One of the spies sent was Joshua. Moses had observed Joshua's bravery
and skill in battle and had promoted him to high rank. It was Joshua
who rallied the troops and inspired them to cross over the Jordan River to
claim the Land. He taught his people to rely on God's strength and not
their own. In fact the way they won their first battle proved to the
Israelites, as the Hebrews were now called, that it would be God who
would give them victory. Their first victory has become known to history
as the Battle of Jericho. Jericho was a large city fortified with a
stone wall so large that houses were built on top of it. Rather
than attack the city directly, Joshua had his soldiers march around the
walls seven
times each day. The marchers included seven priests blowing trumpets
made from lambs' horns and other priests carrying the ark of the covenant - a large
decorated box containing the stone tablets on which God had written the 10
commandments Moses brought down from Mt. Sinai and other religious items.

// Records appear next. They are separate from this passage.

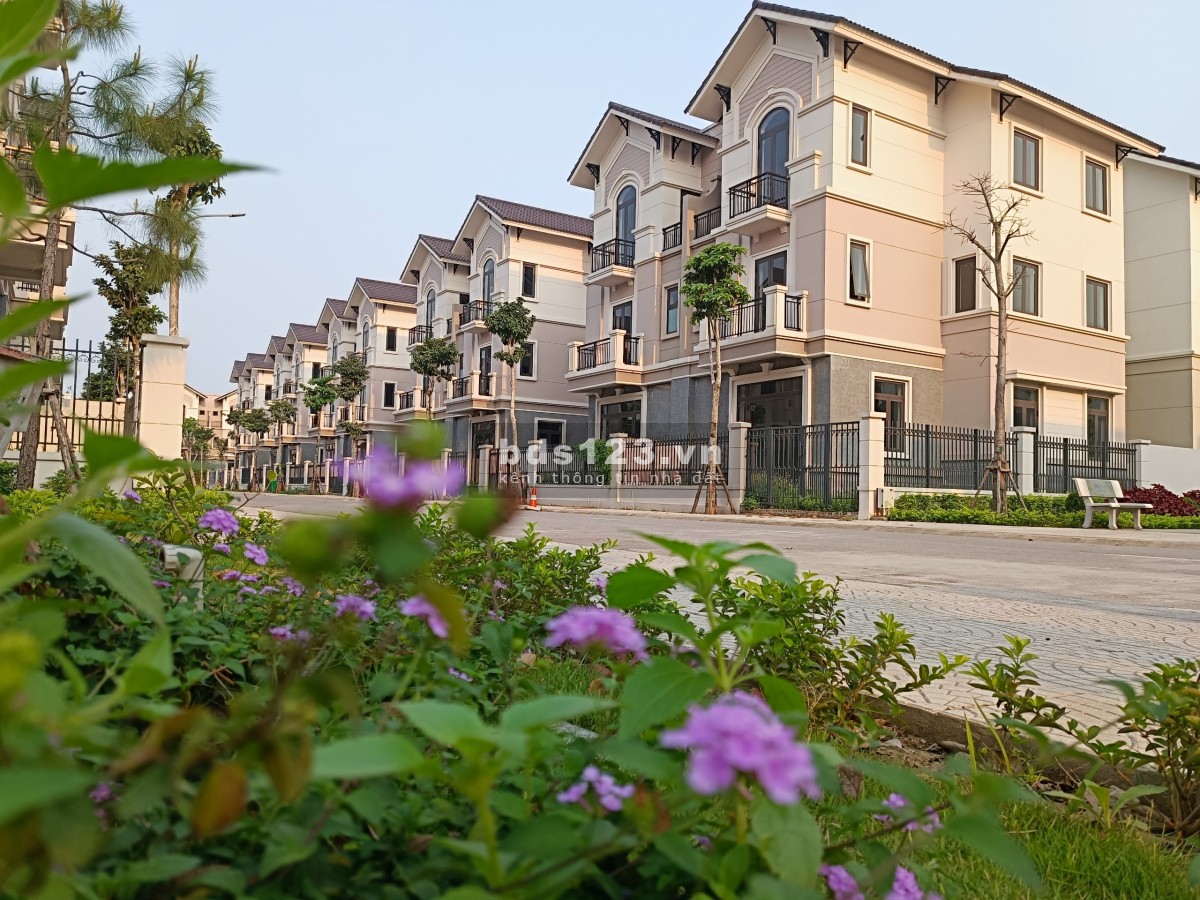 Chính chủ bán nhanh biệt thự Centa Vsip 135m2 rẻ hơn thị trường 1 tỷ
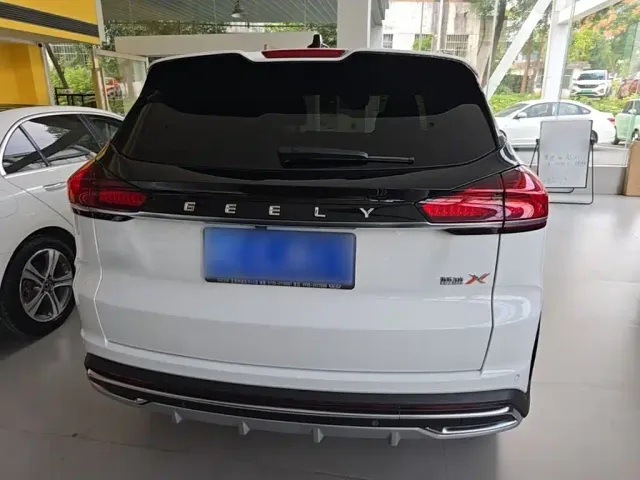 Geely Boyue — Фото автомобиля 5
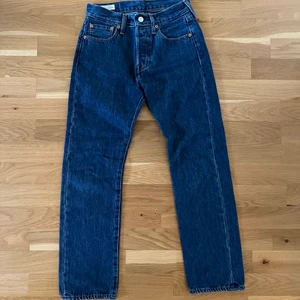 Levis jeans - Säljer mina Levis 501 jeans. De är i färgen mörkblå och är använda fåtal gånger. Köparen står för frakten!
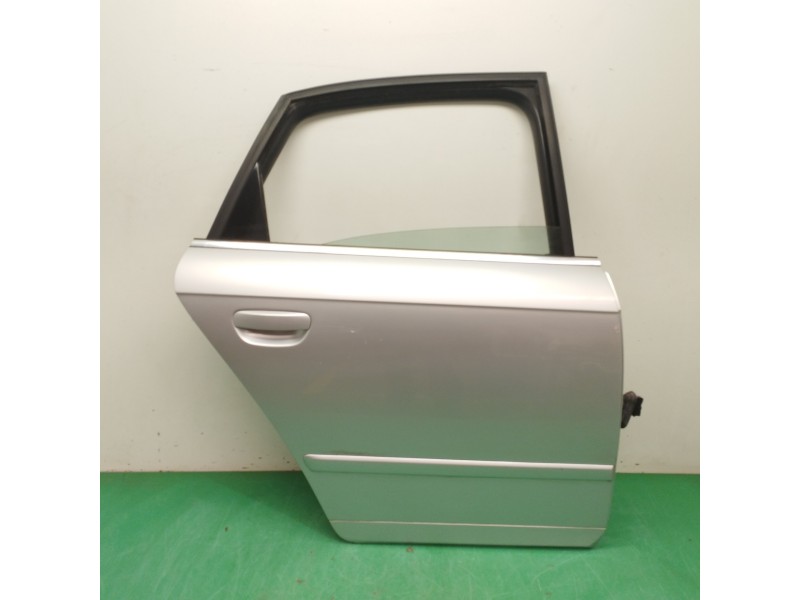 Recambio de puerta trasera derecha para audi a4 berlina (8e) 2.0 tdi referencia OEM IAM  OBSERVAR FOTOS 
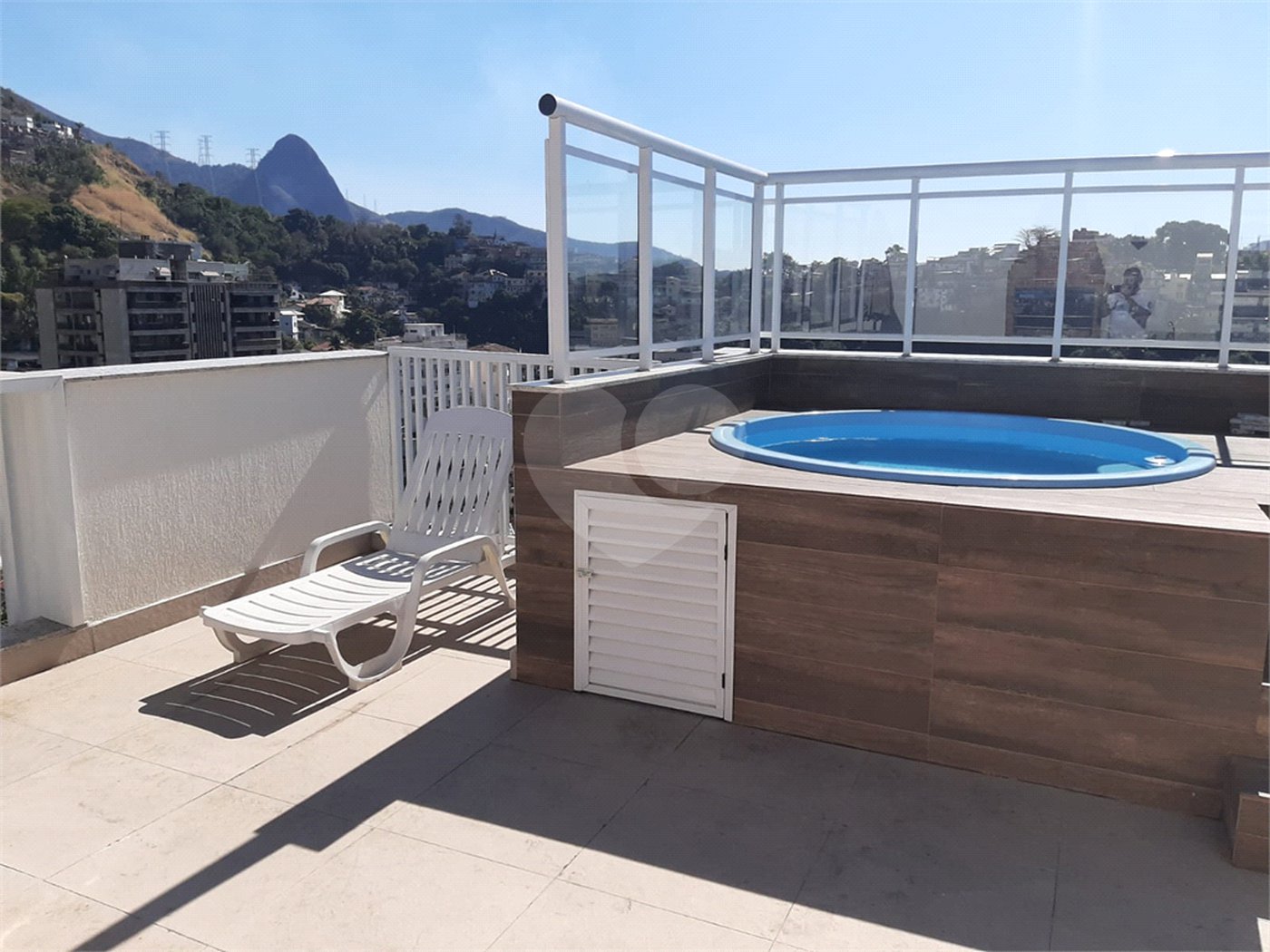 Cobertura à venda com 3 quartos, sendo 2 suítes,  em Tijuca, Rio de Janeiro, RJ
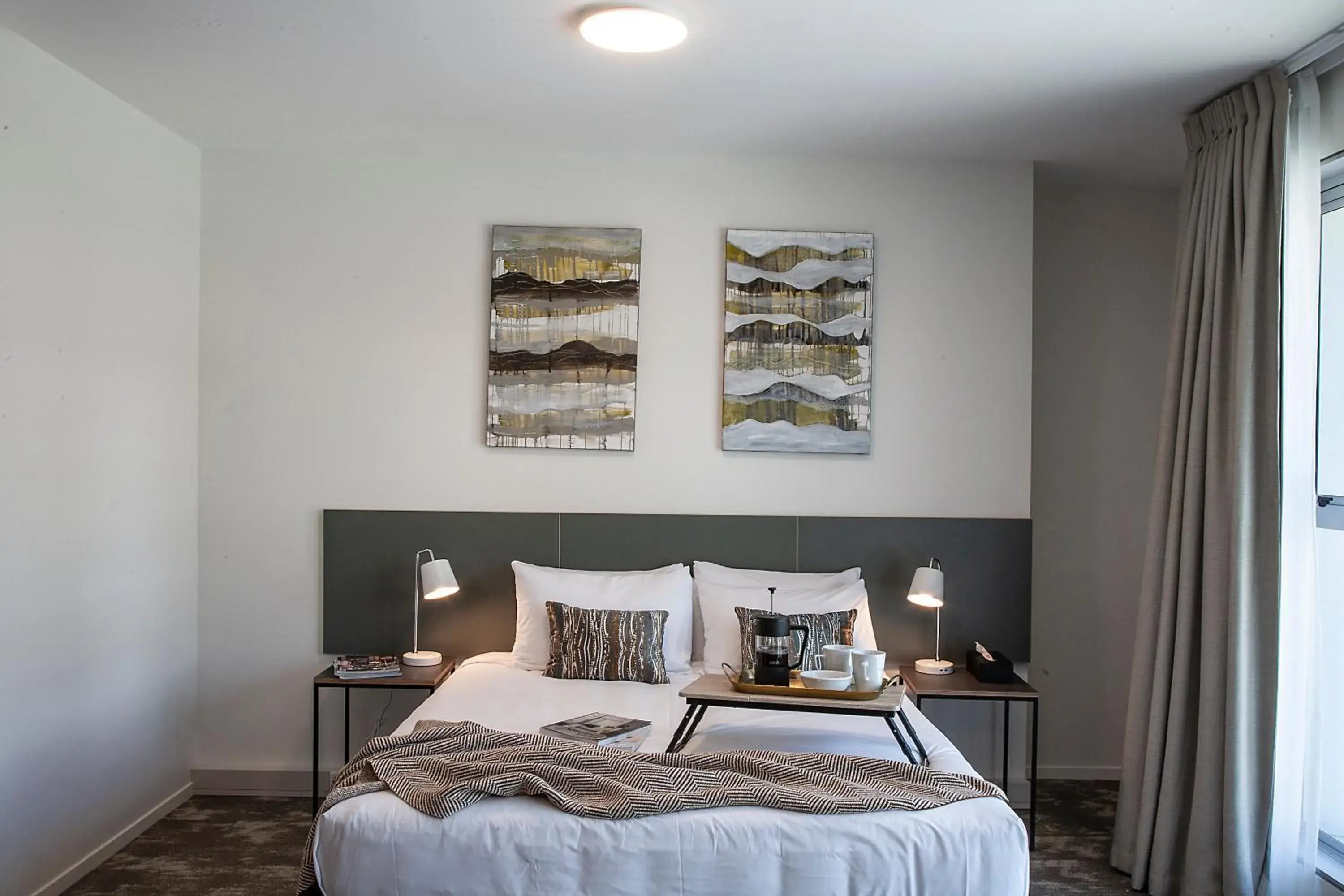 Bed in Sojourn Apartment Hotel - Riddiford Bed in Sojourn Apartment Hotel - Riddiford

On the seventh day, as the marchers finish their seventh turn, the priests
make a long blast on the horns, the paraders make a loud shout, and the
walls of Jericho tumbled down.
Joshua 24:15; fill in the blanks
After Jericho, Joshua, obeying God's
instructions, leads the Israelites into victory after victory. After
over 400 years of exile, the children of Israel are once more inhabiting the
land God promised to Abraham. Each tribe was given its own region of
the Promised Land according to the blessing given that tribe by Moses on
Mount Nebo before his death. Moses himself did not enter the land himself,
but he did climb Mount Pisgah and there God showed him the land and spoke to
him for the last time, on earth.
Deuteronomy chapter 34
4. And the Lord said unto him, This is the land which I sware unto
Abraham, unto Isaac, and unto Jacob, saying, I will give it unto thy seed: I
have caused thee to see it with thine eyes, but thou shalt not go over
thither.
Like Moses, Joshua, in his old age as he faced
death gathered the children of Israel together and spoke to them. He
gave an inspiring speech to the tribes to remind them of God's faithfulness
to Israel in the past, and to warn them of consequences that would happen if they did not continue to worship and obey the one true God.